Its growth is stark in comparison to the category leader, vodka, which fell 1% in volume in the on-trade, and rose 1% in value (£1,879m). 


In Devon, the co-founders of Salcombe Gin have just launched a gin school - which has been billed as the first of its kind in the South West.

Echoing the ambitions of London's four-storey Ginstitute, the school offers education for bar staff and sales teams as well as offering gin fans the opportunity to play distiller at copper mini-stills and to develop their very own 70cl bottle.

As gin continues to boom, it is to be expected that we might see more of these establishments opening up across the UK as the demand for gin education and tourism grows alongside the thirst for premium and super premium spirits.

Howard Davies, co-founder of Salcombe Distilling Co. is convinced that education is crucial in maintaining gin's quality reputation.

One aspect that threatens this, he says, is the race to incorporate stand-out botanicals which will capture the attention of consumers but overpower the juniper - gin's key botanical.

"The temptation in the category is to try to make something left field, and it doesn't really work," said Davies.

"It comes down to having a good mix of botanicals which work well and compliment each other. Some flavours just aren't going to work together and the result is that the gin is course and palatable."

As the dominant botanical, juniper must form between 75-80% of the botanical mix in order to be classified as a gin.

Coriander often follows, with five parts juniper to part coriander being the rule of thumb.

"Then you get into the creative botanicals - we have 13 in our gin," Davies explained.

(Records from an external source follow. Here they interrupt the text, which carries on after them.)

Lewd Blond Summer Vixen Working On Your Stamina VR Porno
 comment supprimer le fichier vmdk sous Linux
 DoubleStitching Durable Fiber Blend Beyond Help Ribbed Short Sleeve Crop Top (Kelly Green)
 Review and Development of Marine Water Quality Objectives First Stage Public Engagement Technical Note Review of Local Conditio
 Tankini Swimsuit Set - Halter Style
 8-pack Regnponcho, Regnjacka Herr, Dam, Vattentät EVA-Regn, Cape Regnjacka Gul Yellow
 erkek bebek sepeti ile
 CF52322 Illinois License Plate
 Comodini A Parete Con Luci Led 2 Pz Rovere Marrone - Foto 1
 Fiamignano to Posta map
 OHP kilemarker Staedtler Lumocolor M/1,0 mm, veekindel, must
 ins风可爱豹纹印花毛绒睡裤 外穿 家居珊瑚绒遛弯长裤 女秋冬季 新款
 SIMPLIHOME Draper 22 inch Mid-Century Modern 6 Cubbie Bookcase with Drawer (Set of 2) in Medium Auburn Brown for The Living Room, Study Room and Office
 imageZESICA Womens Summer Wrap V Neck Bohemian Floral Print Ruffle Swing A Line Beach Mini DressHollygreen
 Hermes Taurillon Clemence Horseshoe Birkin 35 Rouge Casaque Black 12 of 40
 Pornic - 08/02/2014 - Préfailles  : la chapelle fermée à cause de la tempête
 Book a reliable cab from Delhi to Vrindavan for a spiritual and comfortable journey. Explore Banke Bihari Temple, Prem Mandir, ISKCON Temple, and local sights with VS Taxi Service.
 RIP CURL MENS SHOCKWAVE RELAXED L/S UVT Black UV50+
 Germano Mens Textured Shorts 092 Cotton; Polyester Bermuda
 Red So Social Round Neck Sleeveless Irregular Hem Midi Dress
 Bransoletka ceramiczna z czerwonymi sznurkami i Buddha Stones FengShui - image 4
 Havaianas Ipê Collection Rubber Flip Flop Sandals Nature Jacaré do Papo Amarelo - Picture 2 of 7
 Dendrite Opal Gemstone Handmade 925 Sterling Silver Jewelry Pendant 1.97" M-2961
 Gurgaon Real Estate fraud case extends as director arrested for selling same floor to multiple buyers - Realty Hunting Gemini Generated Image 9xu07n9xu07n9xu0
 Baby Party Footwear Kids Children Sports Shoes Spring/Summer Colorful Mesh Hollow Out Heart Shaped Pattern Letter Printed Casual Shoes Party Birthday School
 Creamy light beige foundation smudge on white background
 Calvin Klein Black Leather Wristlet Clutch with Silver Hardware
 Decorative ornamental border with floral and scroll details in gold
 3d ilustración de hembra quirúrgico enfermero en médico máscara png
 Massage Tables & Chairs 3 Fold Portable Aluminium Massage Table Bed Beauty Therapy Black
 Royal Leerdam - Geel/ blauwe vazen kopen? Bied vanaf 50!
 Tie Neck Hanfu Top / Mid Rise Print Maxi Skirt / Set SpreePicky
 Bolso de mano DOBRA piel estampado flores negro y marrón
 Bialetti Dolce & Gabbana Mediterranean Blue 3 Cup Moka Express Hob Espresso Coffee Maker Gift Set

"Liquorice or cardamon are popular, but we're talking fractions of a gram. For 30g of juniper, you would include maybe 5g of coriander and half gram or less of the others. With cardamom, it's really easy to overpower the other flavours."

Arming a new generation of gin advocates with the knowledge to make well-balanced and harmonious gins is the core of their mission statement - and surely this is something that the category as a whole should aspire to. 

The relaxing of micro-brewery laws in the UK over the past ten years has certainly contributed to its success and allowed a new generation of gin makers to bring their stories to the table.

But as the category inches closer to saturation point, how the category moves forward will increasingly become a balancing act of maintaining quality and sticking to gin's core characteristics, while satisfying the need to come up with a USP.